By universal consensus, India is the worst performer among the emerging economies and is led by the most inefficient and self-serving political leaders. But are we really that bad? How do we compare against the other big emerging economies – China, Brazil, Russia, South Africa and Indonesia? By Shivshanker Verma
There will not be a single domestic or international news publication that has not mourned the death of the India growth story in recent weeks. By universal consensus, India has the worst economy among emerging countries, has the riskiest fiscal profile, most pessimistic growth outlook, and the most inefficient, inept, and corrupt politicians. While admitting that these allegations are valid, considering what we have seen over the last couple of years, it is only reasonable to ask if India has attracted more than its fair share of criticism.

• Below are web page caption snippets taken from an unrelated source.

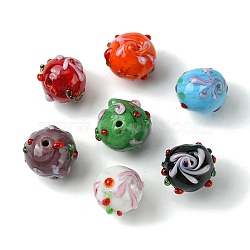 Handmade Bumpy Lampwork Beads, Round, Mixed Color, 14.5~15.5x13.5mm, Hole: 1.4mm(FOIL-B001-08)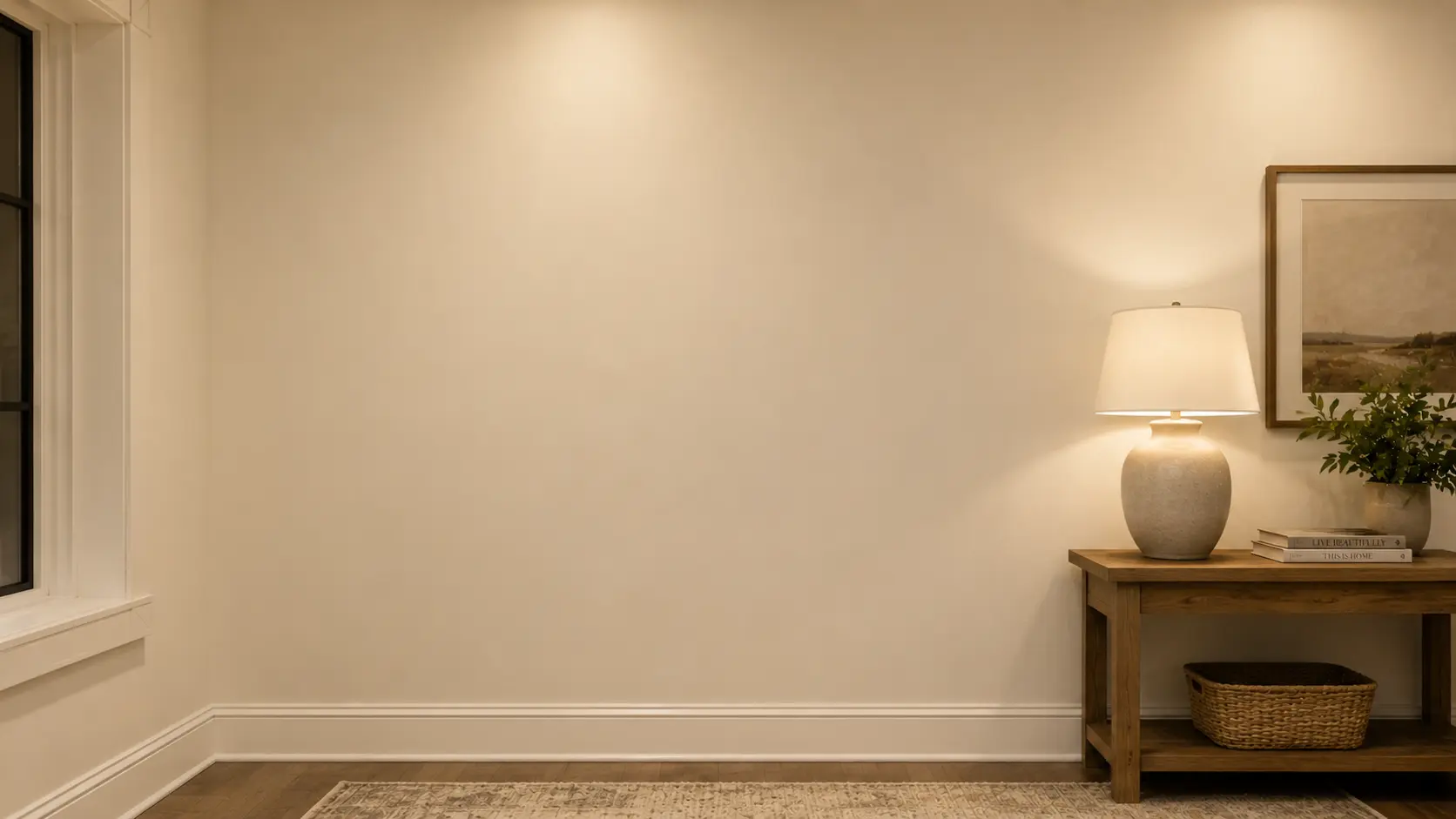 white duck wall in artificial light with warm lamp wood console greenery and soft neutral decor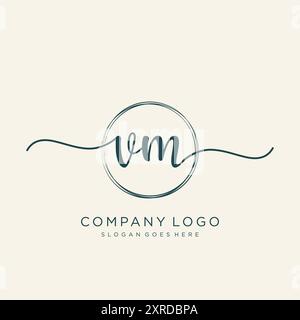 Conception du logo VM initial Handwriting Illustration de Vecteur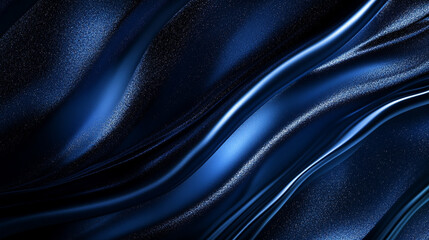 Fototapeta premium Abstract blue silk fabric texture background image elegant swirling waves design art dark rich fold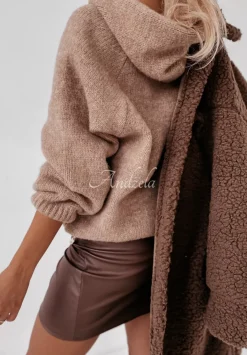 Sweter Oversize Ze Sznurowaniem I Kapturem Laossi Camelowy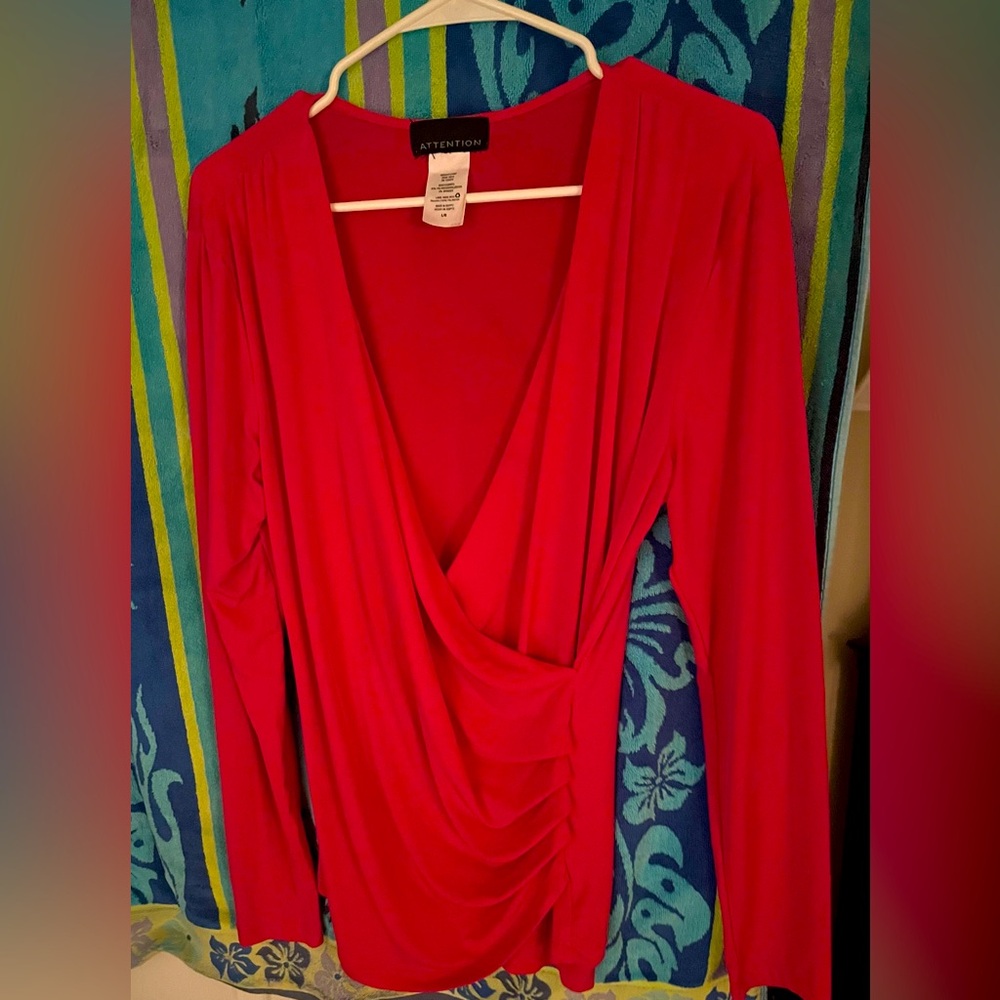 attention long sleeve Crossbody faux top in size Lg by Attention fuschia PINK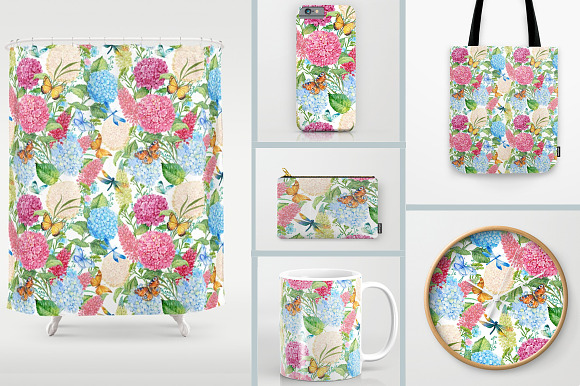hydrangea watercolor patterns in Patterns - product preview 2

Are these negatives really unique to India? Are the other major emerging economies, specifically China, Brazil, South Africa, Brazil, and Indonesia, far ahead of India in these aspects? Do they all have robust economic models that will ensure high long term growth? Are they all led by efficient and incorruptible politicians, and are unaffected by the ongoing global slowdown?

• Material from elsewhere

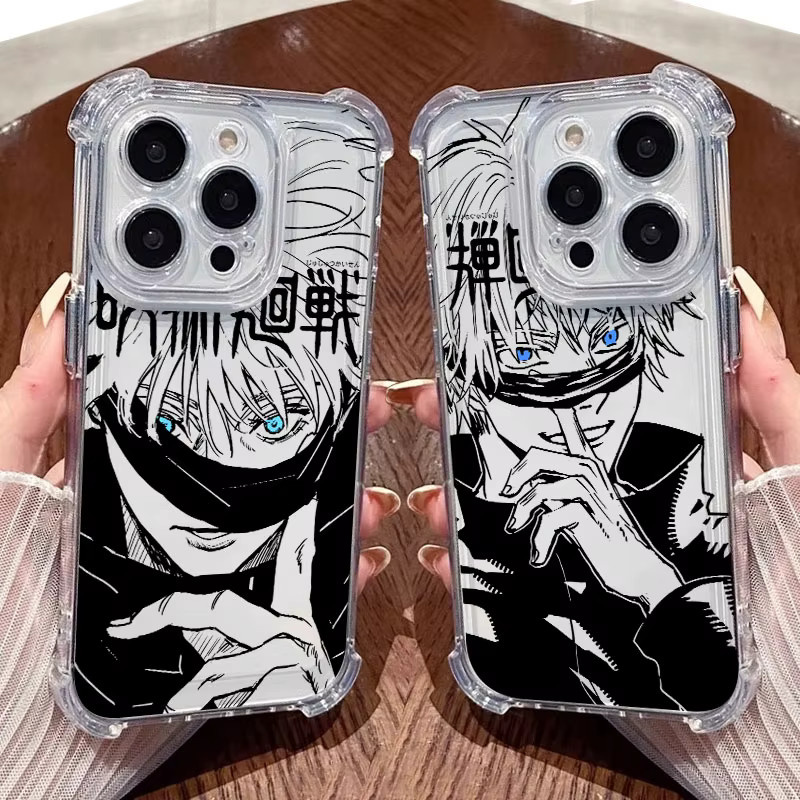 Stoßfeste und transparente Handyhülle im Jujutsu Kaisen Satoru Gojo Design für iPhone 11 bis iPhone 17 Pro Max und weitere Modelle - Bild 2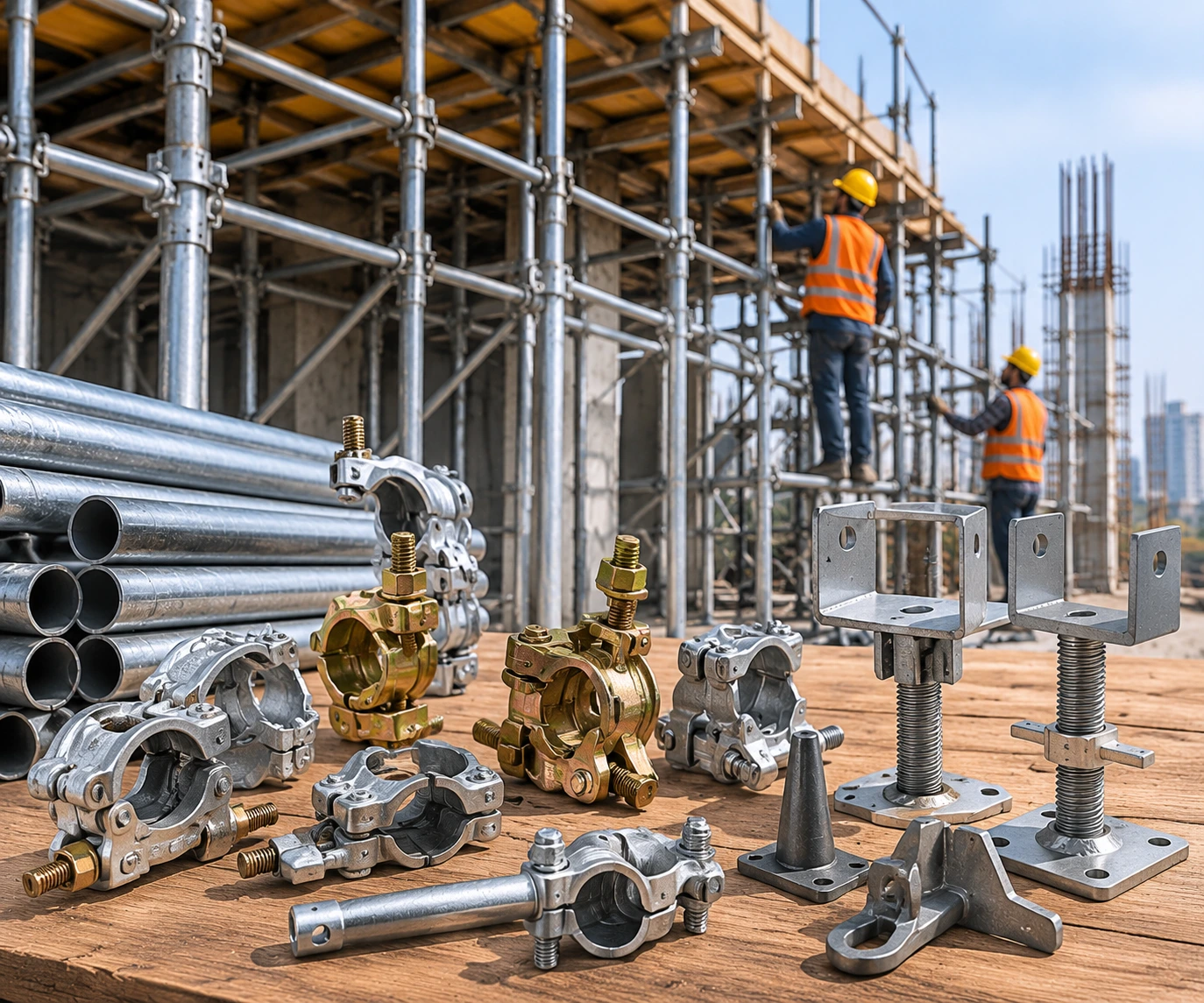 Heavy-duty scaffolding couplers and accessories used with steel scaffolding systems at construction sites.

Let us first look at the political environment in other emerging countries. China is preparing for the once in a decade revamp of the country's top leadership. The world doesn't know much about the incoming leaders and the recent ouster of Bo Xilai, an aspirant for Politburo membership, following a scandal has added to the intrigue. In Russia, after the return of Putin as president, the government has launched more assaults on political and personal freedoms. The crowds that attended the protest rallies against the government in Moscow this week were several times larger, and visibly more agitated, than anything Team Anna has managed to attract so far in Delhi.

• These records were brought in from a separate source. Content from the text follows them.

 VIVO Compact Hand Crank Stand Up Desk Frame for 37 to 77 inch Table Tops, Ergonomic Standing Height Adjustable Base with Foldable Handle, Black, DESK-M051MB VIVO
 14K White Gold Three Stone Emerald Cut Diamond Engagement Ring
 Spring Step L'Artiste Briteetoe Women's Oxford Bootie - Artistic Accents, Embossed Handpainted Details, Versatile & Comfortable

The South African mining sector has been severely affected by strikes for more than a year now, and there have been widespread protests by left wing labour unions, which are part of the government coalition, in Johannesburg and other cities. Oblivious to all these, South African president Jacob Zuma is most interested in improving his record as the most married world leader, taking his sixth wife in April this year.
Brazilian president Dilma Rousseff is widely considered to be ineffective, encouraging her predecessor Lula da Silva to suggest that he may return to the presidency in 2014.
In Indonesia, President Yudhoyono's last term has come under the cloud of corruption scandals, though they are no match for the allegations against our Andimuthu Raja.